Your assignment: Range to copy from the entries below: the line containing "Prodej zemědělský pozemek" through the line containing "Boss RV-6 Reverb Pedal", inclusive. Retype only those lines, exactly, without any images.

Records for this exercise:
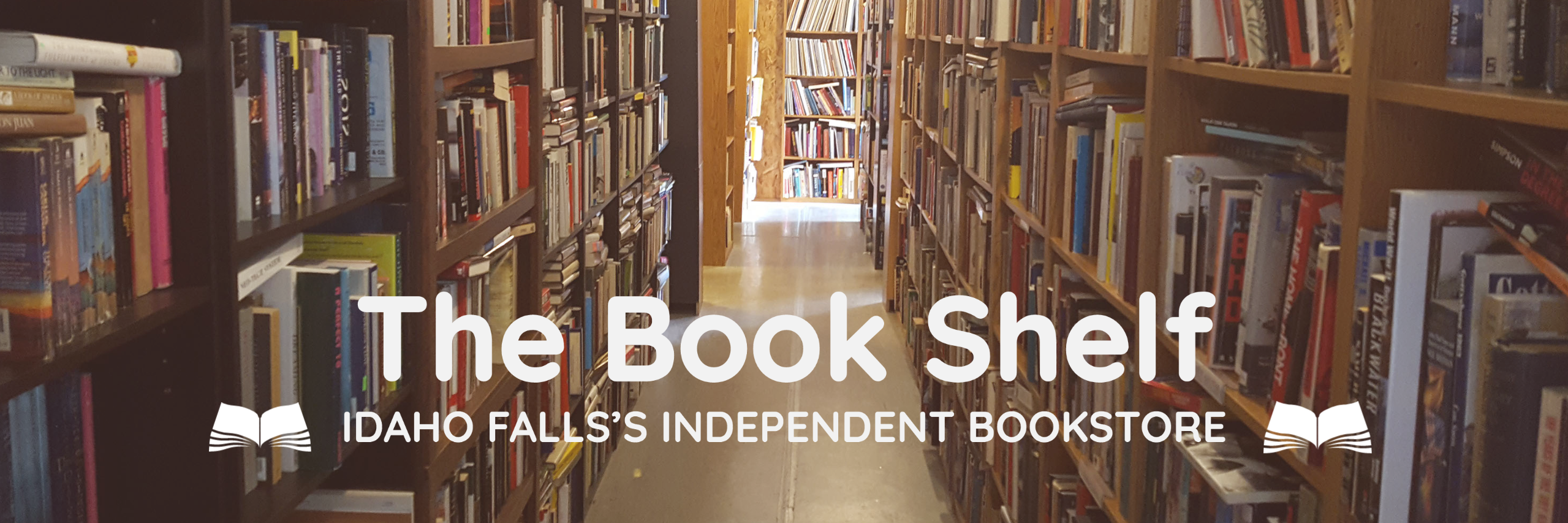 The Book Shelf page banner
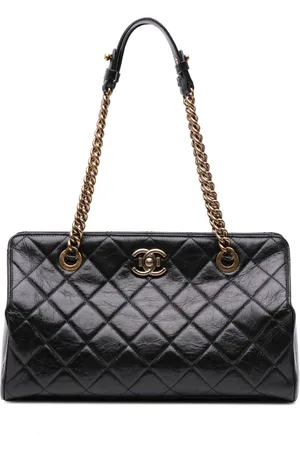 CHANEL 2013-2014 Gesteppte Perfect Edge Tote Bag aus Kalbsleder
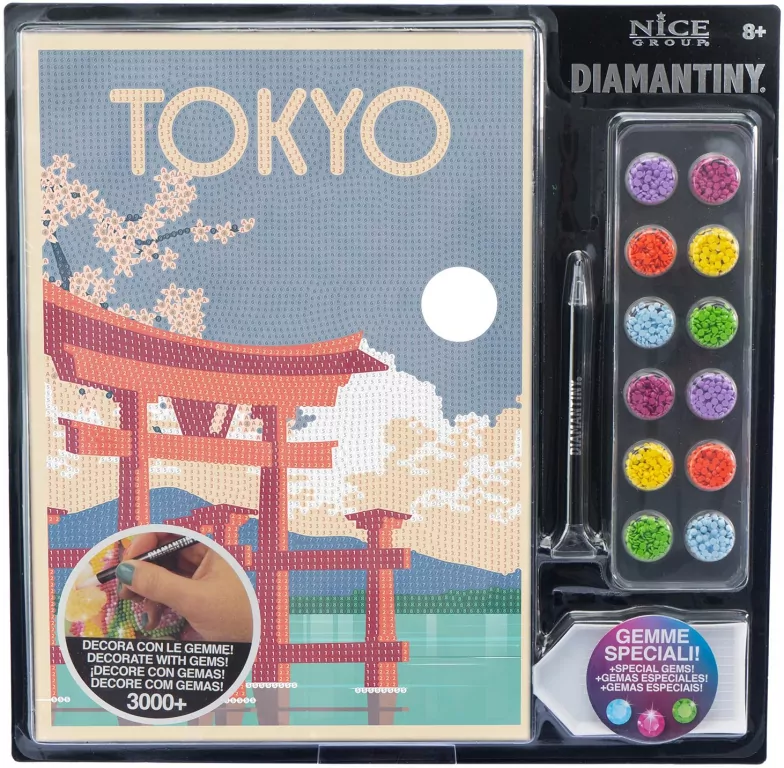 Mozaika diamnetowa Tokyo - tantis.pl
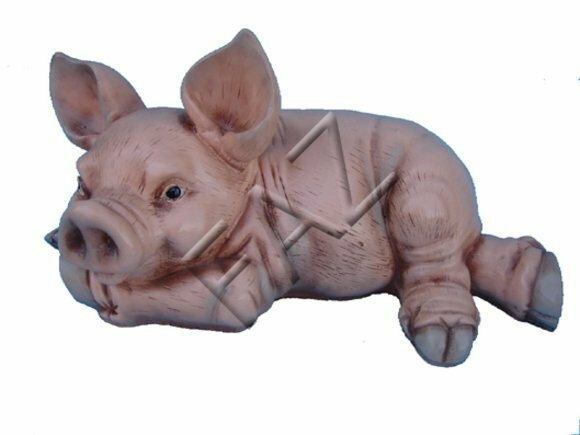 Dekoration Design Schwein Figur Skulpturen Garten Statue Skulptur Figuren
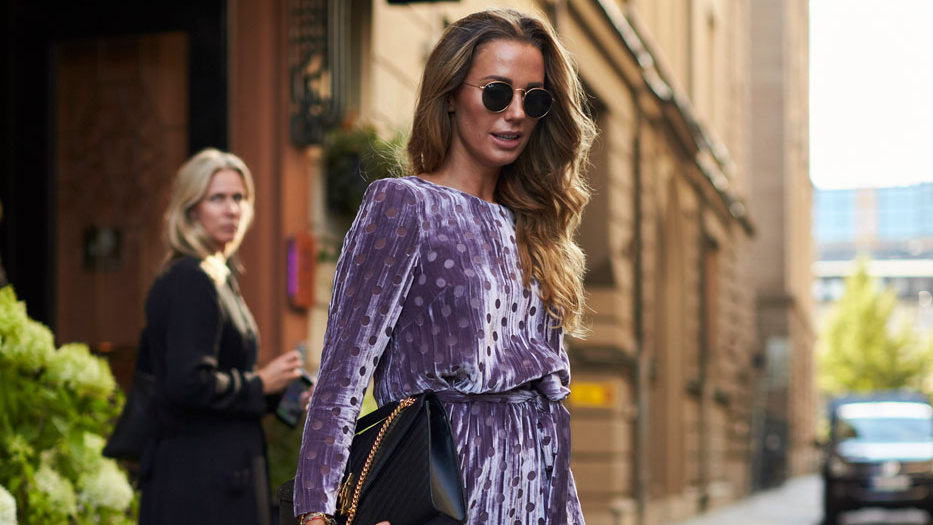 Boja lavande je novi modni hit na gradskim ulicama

--

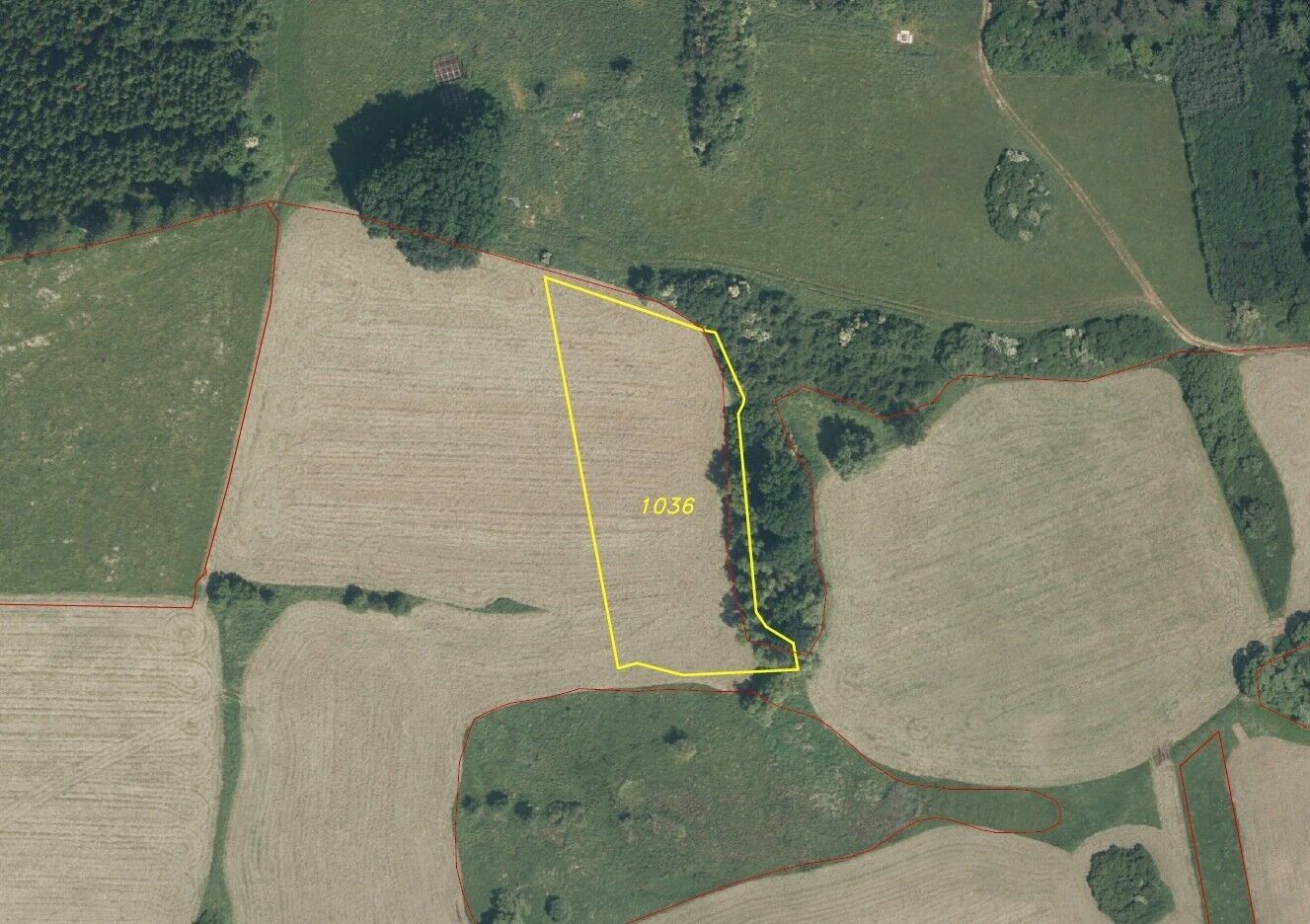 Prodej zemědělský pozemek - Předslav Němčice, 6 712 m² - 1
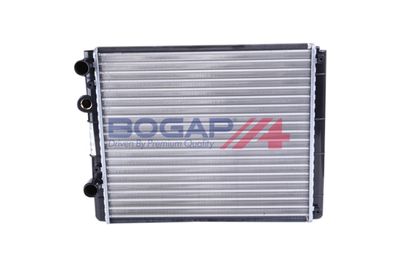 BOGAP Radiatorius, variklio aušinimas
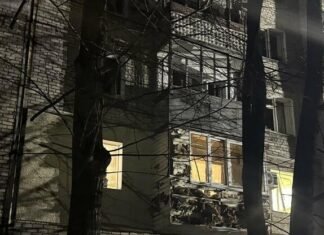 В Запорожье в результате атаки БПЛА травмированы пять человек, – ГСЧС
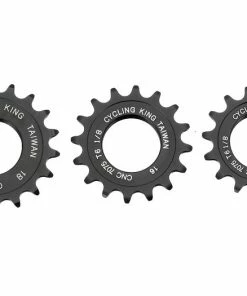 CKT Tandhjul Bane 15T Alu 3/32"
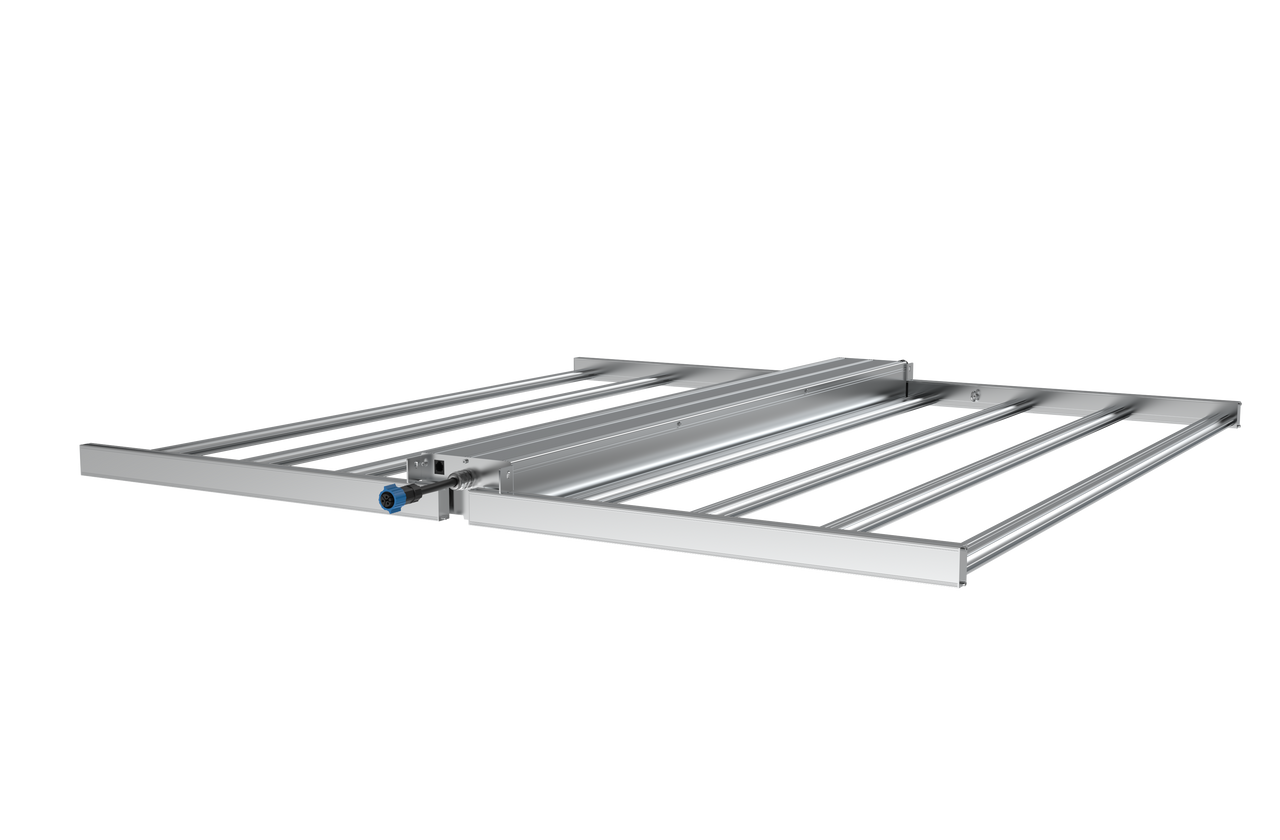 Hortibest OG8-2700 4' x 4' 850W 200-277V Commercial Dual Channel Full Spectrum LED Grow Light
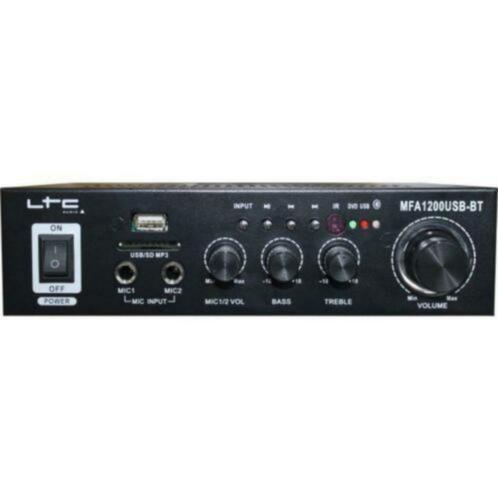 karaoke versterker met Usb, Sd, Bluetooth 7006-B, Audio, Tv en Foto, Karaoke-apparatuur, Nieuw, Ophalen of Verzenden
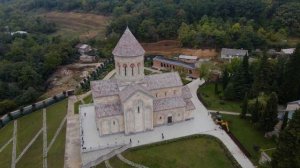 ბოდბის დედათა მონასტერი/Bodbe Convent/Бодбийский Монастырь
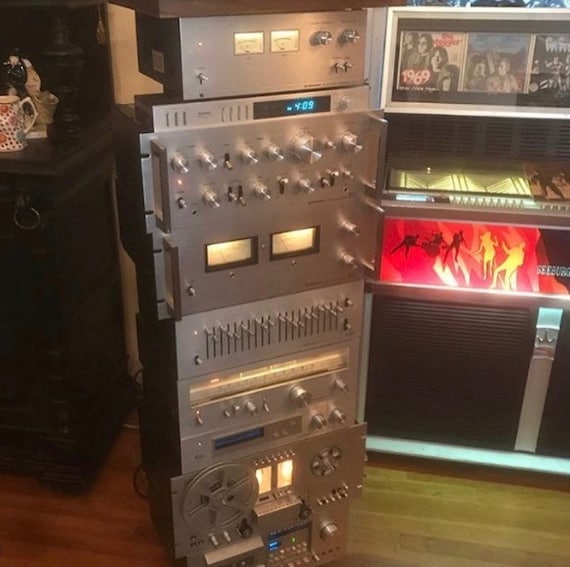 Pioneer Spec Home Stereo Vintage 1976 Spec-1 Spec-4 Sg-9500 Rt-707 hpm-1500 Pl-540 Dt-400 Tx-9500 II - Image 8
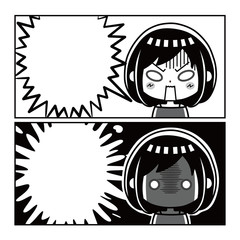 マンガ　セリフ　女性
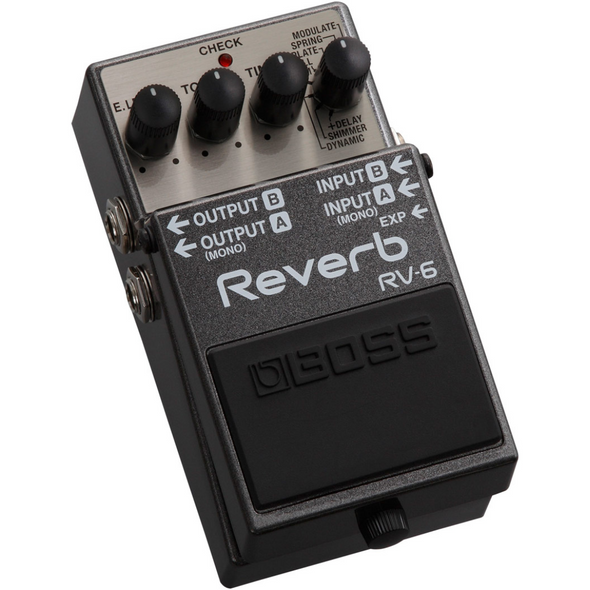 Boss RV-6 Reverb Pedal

Exercise response:
 Prodej zemědělský pozemek - Předslav Němčice, 6 712 m² - 1
 BOGAP Radiatorius, variklio aušinimas
 В Запорожье в результате атаки БПЛА травмированы пять человек, – ГСЧС
 CKT Tandhjul Bane 15T Alu 3/32"
 Hortibest OG8-2700 4' x 4' 850W 200-277V Commercial Dual Channel Full Spectrum LED Grow Light
 karaoke versterker met Usb, Sd, Bluetooth 7006-B, Audio, Tv en Foto, Karaoke-apparatuur, Nieuw, Ophalen of Verzenden
 ბოდბის დედათა მონასტერი/Bodbe Convent/Бодбийский Монастырь
 Pioneer Spec Home Stereo Vintage 1976 Spec-1 Spec-4 Sg-9500 Rt-707 hpm-1500 Pl-540 Dt-400 Tx-9500 II - Image 8
 マンガ　セリフ　女性
 Boss RV-6 Reverb Pedal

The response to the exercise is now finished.